Melbourne based concept artist, Alex Ries has created a science fiction universe which is detailed, complicated and very well thought out- not to mention illustrated with breath-taking clarity and vivid perfection. Each illustration tells a magnificent story, set in a science fiction realm where every second is a constant and brutal struggle for life, exploration and sustainability. But perhaps the most amazing thing about his works is the careful attention to the backstory of the creatures he has created. These are not just illustrations, but brief, snapshot views into a deeply developed and complicated world, which has come to be the way it is due to evolutionary circumstances. Concept art for Alex Ries is not just about getting an image across, but communicating the full knowledge and understanding of another universe.
Perhaps one of the most defining characteristics in Ries’s creations, is that most of the time they are hexapodal (six legged) which gives them somewhat insect like qualities. But it is the clever fusion between their strangeness and their similarity to human beings which makes the characters so captivating.
The Birrin are a complex and long running society and we as viewers can relate to them through their similarities to human culture.
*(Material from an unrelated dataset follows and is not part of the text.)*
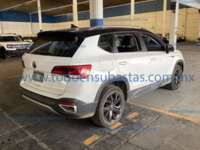 Volkswagen Taos 2023  IMG_5747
These creatures adorn themselves, have vices like drug and cigarette addiction, struggle through unemployment, war, and societal difficulties just as we do, which forces the viewer to put themselves in line with these strange creatures and confront the fact that human beings are in fact no less weird than the shoe wearing, cigarette smoking, horse shaped insect in front of them.
Besides lively and complex characters, Ries also has a knack for creating comprehensive and stunning worlds with sprawling alien landscapes or epic space territories which tell as much of a story as the characters that inhabit them. In the world of the Birrin, the viewer is treated to evidence of their long and difficult trudge through the evolutionary timeline. Their complex society is illustrated to show efforts to build a thriving and secure society with protected cities that boast magnificent statues, as protectors of the species’ history.
Even the accomplishments of the species are celebrated in these illustrations, where we can see the Birrin’s efforts at becoming a space faring species in a dangerous universe, which mirrors our own human attempts to constantly push the boundaries of new frontiers and explore the possibilities of the cosmos.
What I find most striking about all of these images is their ability to hold a looking glass up to the viewer. Each scene, in one way or another shows very human conflicts like the need for food, work, security and reproduction, being tackled by a race which is far removed from our bipedal, tool wielding forms; the Birrin still have to solve these problems by what we would consider to be very human methods.
Ries’s genuine interest in biology shows through in all of his carefully laid out illustrations and this strongly adds to the realism in these quasi-surreal settings. The world he has built is extensive and ever growing without any sign of slowing, which is great news for long time followers and fresh discoverers of his work; and so we can happily be sure that there is more to come.